Kainaat Mushtaq
SRINAGAR: Shooting has broken out again in troubled Kashmir valley, but this time the canisters contain celluloid, not gunpowder.
Stars from “Bollywood,” India’s active Bombay-based film industry, have returned to sing and dance against a backdrop of snow-capped peaks, encouraging the authorities who insist that guerrilla violence is now under control. So have TV crews.
“I have visited many places in the world, but Kashmir is so beautiful. It’s breathtaking,” says a Bombay actress Rajni Patel, on the sets of a TV serial at the picturesque Harwan.
Reports suggest that some film and soap producers have already completed shooting in Kashmir while others are in pipeline.
The latest to be shot in the valley is the TV serial Mahabharata, based on a Sanskrit epic narrating the Kurukshetra War and the fates of the Kauravas and the Pandava princes.
Also a Chandigarh-based crew last month completed their shooting in Kashmir.
Last year Ranbir Kapoor and Deepak Padukone starrer Yeh Jawani Hai Deewani was extensively shot in famed ski resort of Gulmarg and Pahalgam. It was Ranbir’s second film to be shot in Kashmir after Rockstar. The Bollywood blockbuster Jab Tak hai Jaan was also shot last year.
The filming has brought back memories of the 1960s, when romances set in the Jammu and Kashmir province were a staple for Bombay moviemakers aiming for box office success.
Residents of the picturesque Himalayan region also were happy to see cameras whirl once again in the mountainous area more associated with guns and violence than romance.
Since a bloody separatist rebellion erupted in 1990, film crews have avoided the area, leaving moviegoers and directors to dream of motion pictures waiting to be made in the alpine region.
Romancing the valley
A generation of Indians has grown up seeing Bollywood stars romancing in shikaras (small Kashmiri boats) floating on blue lakes amid pine forests and icy fields.
Orchards and tall flaming-red chinar trees added to heady plots.
A senior state tourism official said Kashmir provided locations for more than half of all Bombay movies made before the 23-year-old separatist insurgency, which has claimed more than 50,000 lives.
But it was all shattered when tourists stopped flowing in, and houseboats on Srinagar’s famous Dal Lake went begging for customers after simmering discontent against New Delhi’s rule turned into rebellion in 1989.
The rebellion also put a stop to Bollywood’s romance with the region until the crew for “Mere Apne” (My Own), “Mission Kashmir” descended on Srinagar, summer capital of Jammu and Kashmir.
But now domestic, with violence having waned considerably, tourists are flocking in tens of thousands to Kashmir valley.
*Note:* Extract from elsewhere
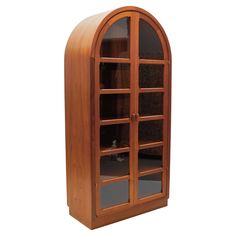 an arched wooden cabinet with glass doors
On location in Harwan, cast members appeared relaxed and comfortable with their surroundings, seemingly unaware that there are still militant attacks and people are still being killed in incidents involving guerrillas and security forces in the region.
Hopes for the future
Making movies in Kashmir costs about 100 times less than shooting outside India, another tourism official said.
But, since the trouble began, Indian filmmakers have preferred to shoot outside the Kashmir valley, often in European locations that look like Kashmir.
A movie set for “Henna” was shot in Austria. The national award-winning “Roja,” about the Kashmir problem itself, also was filmed outside the valley, and moviemaker Muzaffar Ali faced problems in a half-made film after the state denied permission for more shooting in Kashmir.
Tourism officials in Kashmir are now hopeful of getting things back to being as they were.
“We are sure it will pick up and get more revenue for the state, but a collective effort is needed.”